_Provided information_:

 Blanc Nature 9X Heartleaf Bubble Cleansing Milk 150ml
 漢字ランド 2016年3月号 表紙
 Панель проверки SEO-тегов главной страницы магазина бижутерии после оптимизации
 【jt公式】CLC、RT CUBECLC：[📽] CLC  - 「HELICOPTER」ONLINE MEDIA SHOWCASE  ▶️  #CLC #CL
* * *
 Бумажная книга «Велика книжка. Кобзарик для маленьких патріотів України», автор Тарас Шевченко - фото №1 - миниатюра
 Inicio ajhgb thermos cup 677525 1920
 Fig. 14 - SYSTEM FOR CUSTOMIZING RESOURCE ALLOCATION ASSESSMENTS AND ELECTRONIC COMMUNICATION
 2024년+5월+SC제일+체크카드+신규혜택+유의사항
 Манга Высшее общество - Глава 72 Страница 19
---
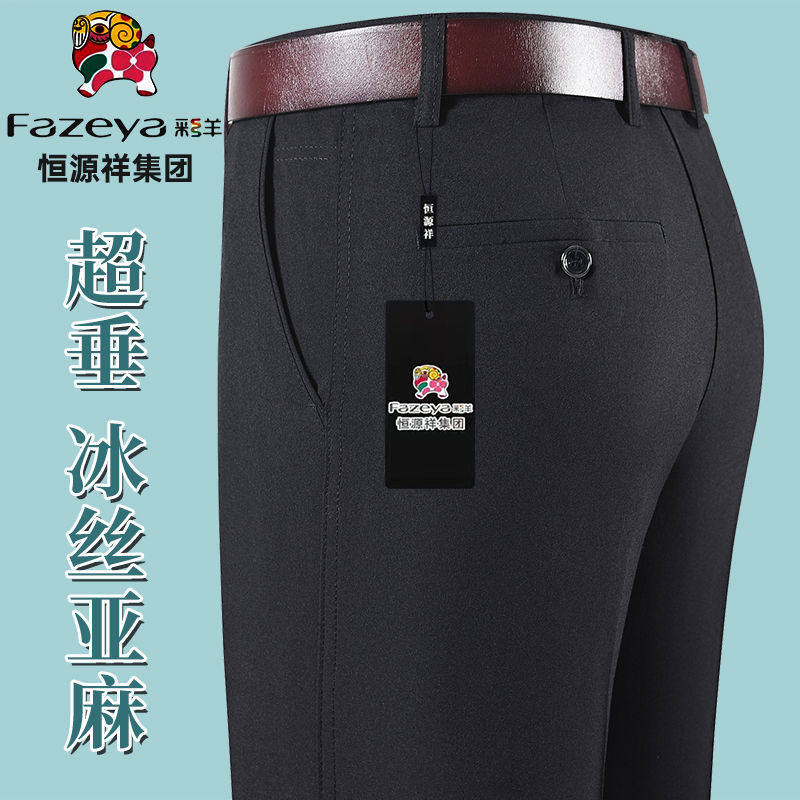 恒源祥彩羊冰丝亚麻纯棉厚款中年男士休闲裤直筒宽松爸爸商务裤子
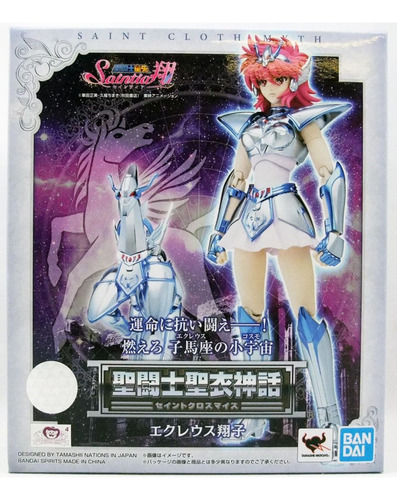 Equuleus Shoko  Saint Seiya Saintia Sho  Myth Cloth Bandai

_Exercise details_:
Look above for the line with "фото №1 - миниатюра"; retype exactly that line, every line after it up to the line with "Манга Высшее общество - Глава 72 Страница 19", and that line too, nothing else.

_Answer space_:
 Бумажная книга «Велика книжка. Кобзарик для маленьких патріотів України», автор Тарас Шевченко - фото №1 - миниатюра
 Inicio ajhgb thermos cup 677525 1920
 Fig. 14 - SYSTEM FOR CUSTOMIZING RESOURCE ALLOCATION ASSESSMENTS AND ELECTRONIC COMMUNICATION
 2024년+5월+SC제일+체크카드+신규혜택+유의사항
 Манга Высшее общество - Глава 72 Страница 19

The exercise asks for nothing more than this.